IMF Executive Board Concludes 2007 Article IV Consultation with Burkina Faso

Public Information Notice (PIN) No. 08/02
January 15, 2008

Public Information Notices (PINs) form part of the IMF's efforts to promote transparency of the IMF's views and analysis of economic developments and policies. With the consent of the country (or countries) concerned, PINs are issued after Executive Board discussions of Article IV consultations with member countries, of its surveillance of developments at the regional level, of post-program monitoring, and of ex post assessments of member countries with longer-term program engagements. PINs are also issued after Executive Board discussions of general policy matters, unless otherwise decided by the Executive Board in a particular case.
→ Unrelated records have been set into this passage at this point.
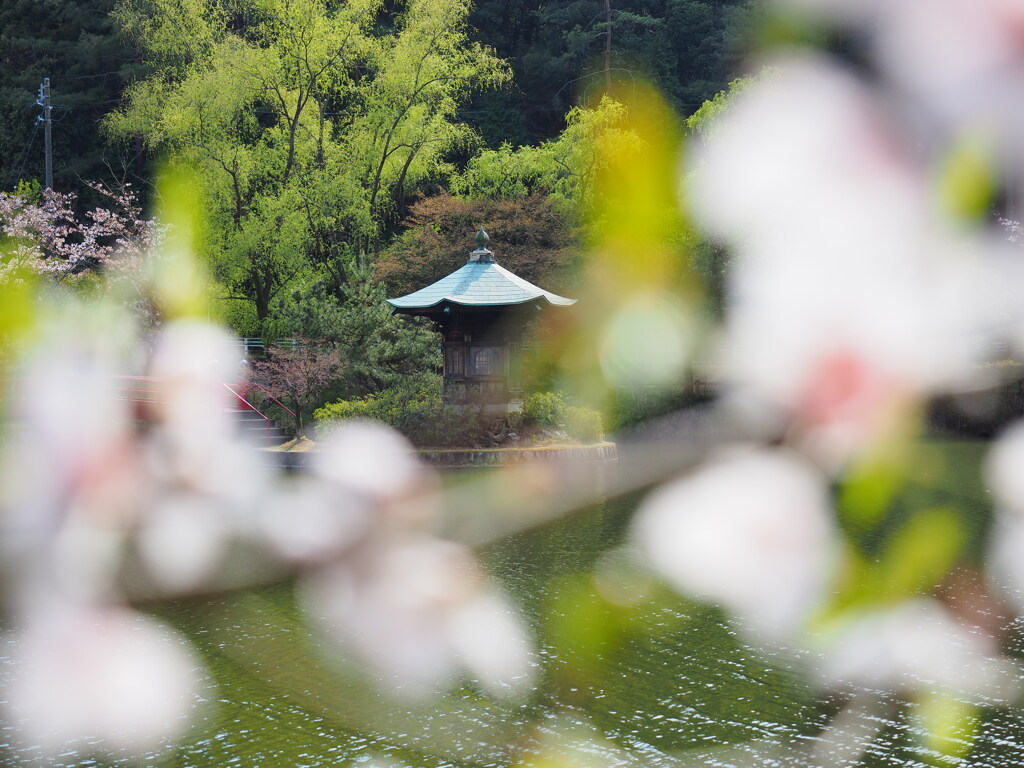 定光寺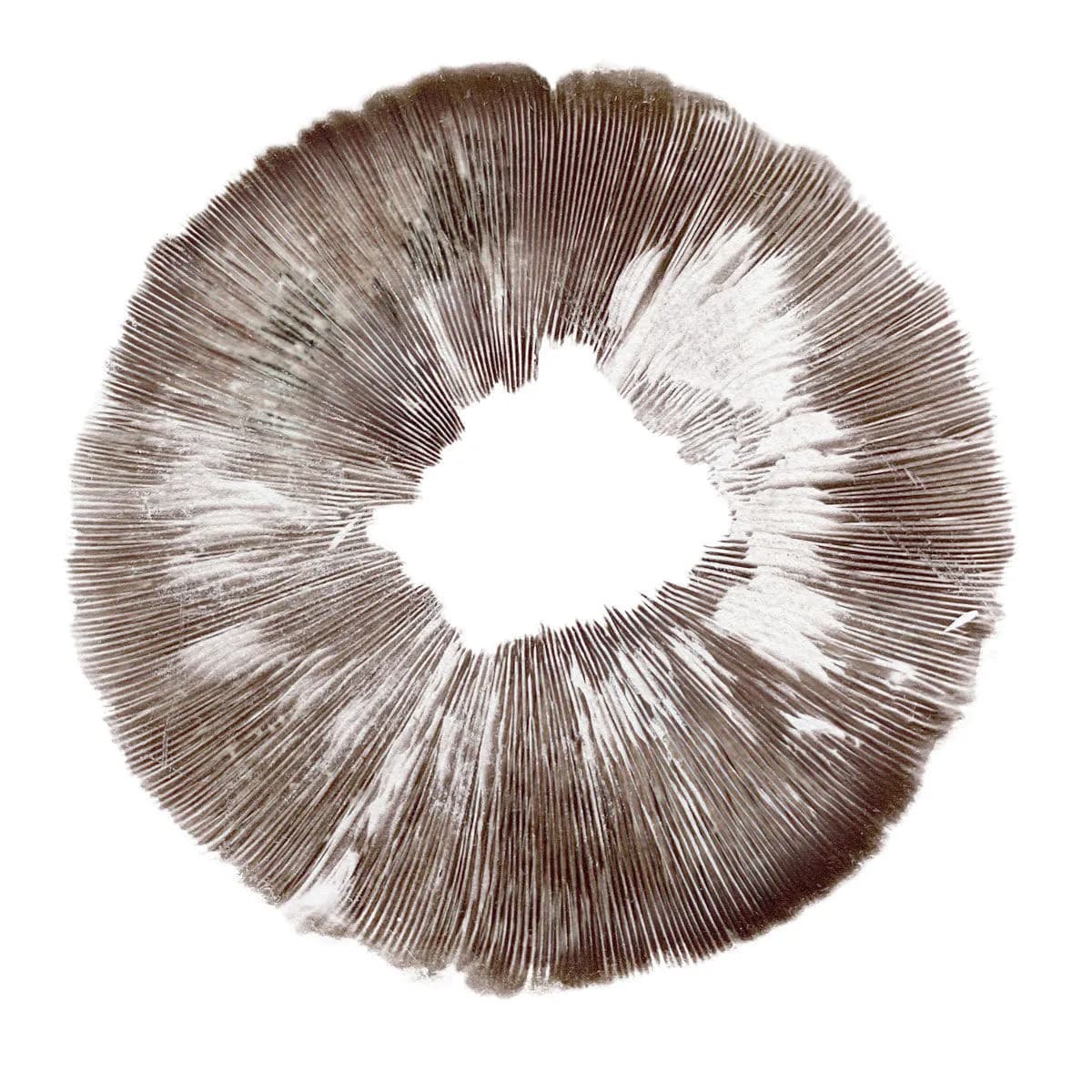 Itiöprintti Psilocybe cubensis Amazonas
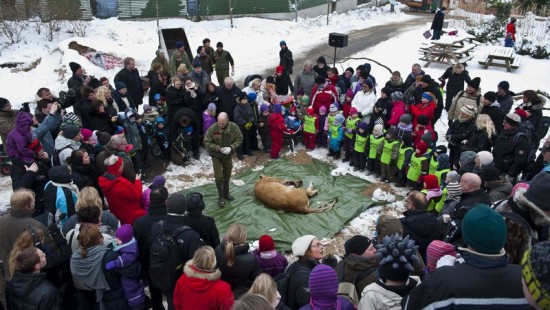 Un zoo danois invite les enfants à la dissection d’une lionne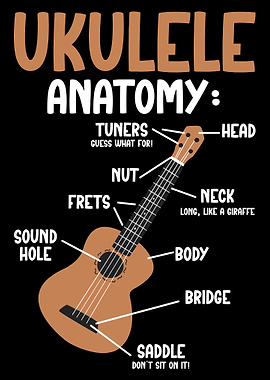 Ukulele Anatomy Ukulele Lover Ukulele Player Ukulelist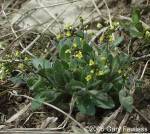 Woodland Draba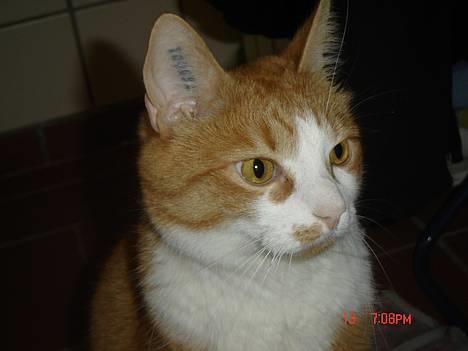 Blanding af racer Cæsar - hvad er det lige jeg kan se...?? billede 3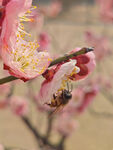 腊梅 梅花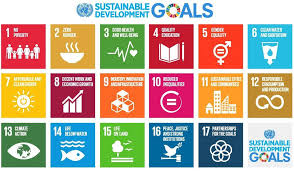 Sustainable Development Goals Google Search Un Sustainable Development Goals Sustainable Development Sustainable Development Goals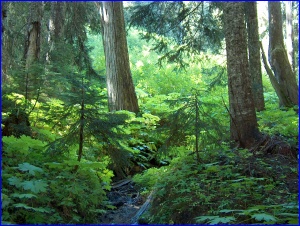 Greenery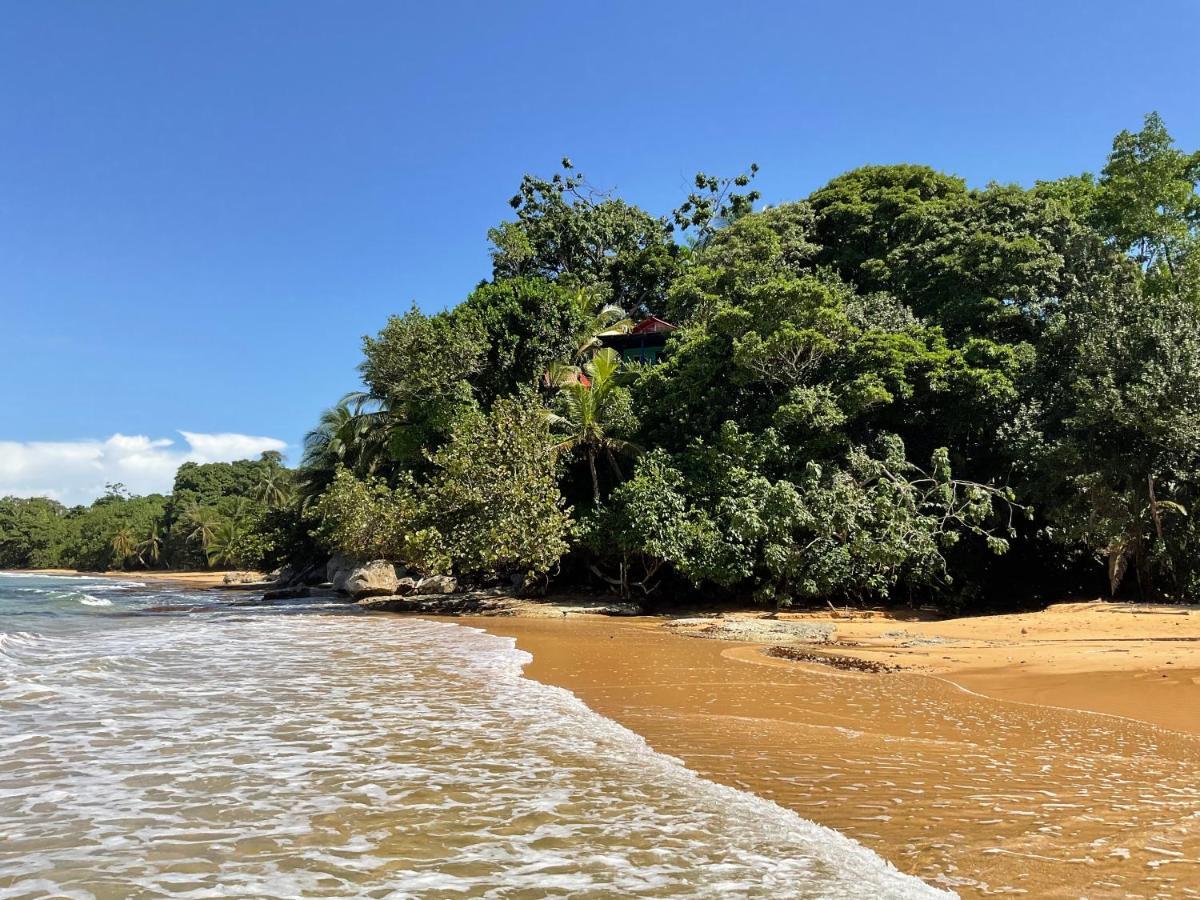 Tesoro Escondido Ecolodge Cabinas Bocas Town Ngoại thất bức ảnh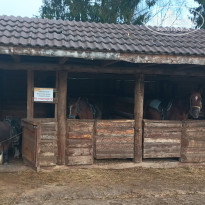 фото из отзыва ID 2743442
On January 9, 2008, the Executive Board of the International Monetary Fund (IMF) concluded the Article IV consultation with Burkina Faso.1

Background

Burkina Faso has made considerable progress towards macroeconomic stability over the past decade. Real GDP growth over the past 10 years was strong, averaging 6 percent annually, and inflation has been contained. Growth was broad-based, supported recently in particular by the telecommunications and transportation sectors. Structural reforms and stability oriented macroeconomic policies have strengthened the market orientation of the economy and improved its flexibility. The gains from macroeconomic reforms have resulted in improvements in social indicators, with household survey poverty incidence decreasing from 54.6 in 2000 to 46.4 percent in 2005. Nevertheless, Burkina Faso continues to rank among the poorest countries in the world, and reaching the Millennium Development Goals might be challenging.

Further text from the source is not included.